In reality, the £10 minimum agreed by the TUC almost 5 years ago is rapidly falling behind a genuine living wage, with at least 14 per cent inflation since, which is why Usdaw (in our forthcoming annual conference document) calls for £10 as the immediate minimum, “rising with either inflation or average wages, whichever is greater”.
Alongside calls for more systematic action on equal pay for women workers, these fighting demands could and should be used to engage, motivate and mobilise workers into action.
Workers Need SocialismUnderlying the wide-ranging policies being debated at STUC is the urgent need for root and branch transformation of the entire system we live under.

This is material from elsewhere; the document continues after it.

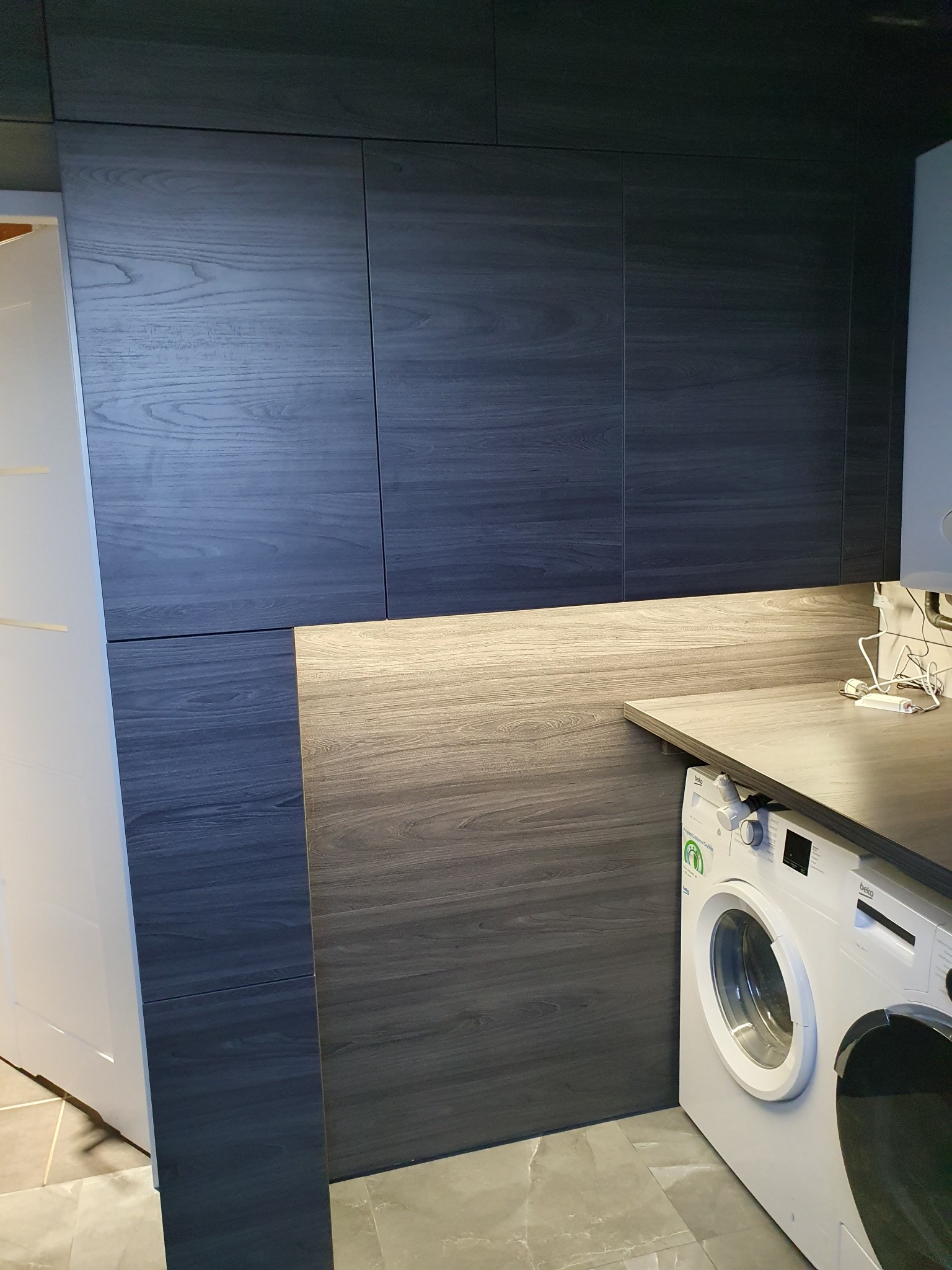 Ciemne, drewnopodobne szafki kuchenne sięgające sufitu, zintegrowane z blatem i pralką w nowoczesnej aranżacji wnętrza.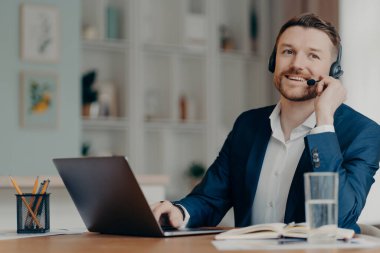 Happy male entrepreneur in suit working from home, successful businessman in headset talking with colleagues online through web conference while sitting at his cozy workplace. Remote work at home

Every specific demand for action points to the need for democratic public ownership and control of industries and services, if workers are not to remain enslaved by the pursuit of maximum profit by those in power. In one word, it demands socialism.
That won’t be gifted to us by the capitalist class, nor by parties married to the mis-named 'free enterprise' economy.

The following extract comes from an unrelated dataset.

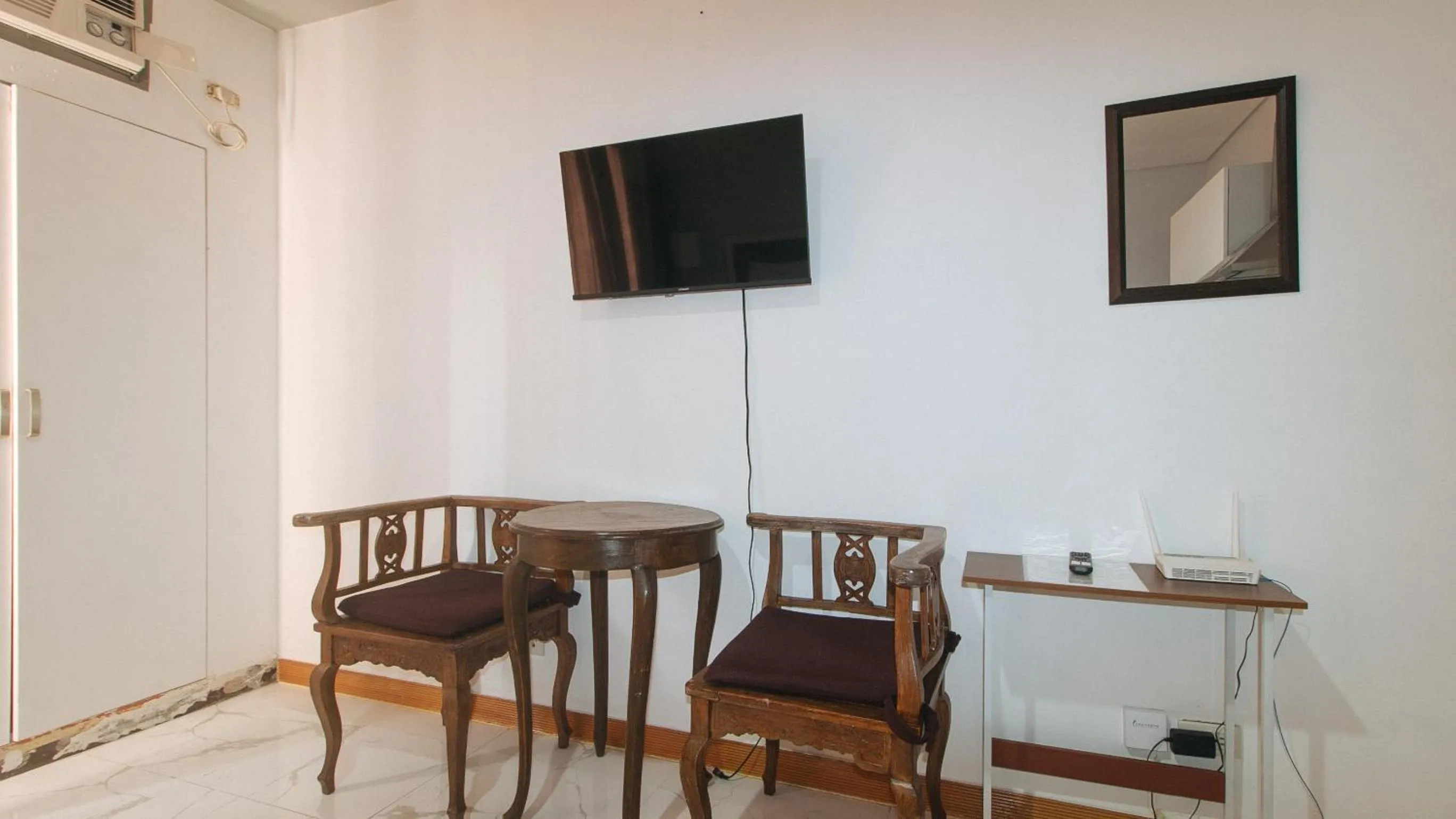 TV and multimedia in RedDoorz at TJMG by Bel Air Polaris Makati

It won’t be achieved by resting on our laurels after agreeing transformative policies at STUC Congress.
It requires consciously-led mass action around achieving those policies, rooted in an understanding that we are engaged in a struggle between opposing classes.
We need to prepare workers at every level for what is at stake.
If we fail to prepare, we have to prepare to fail!
With a socialist vision of the future, and key fighting policies to mobilise around, pockets of struggle in recent times prove that we can organise to win. The alternative is too horrendous to contemplate, regardless of the details around Brexit.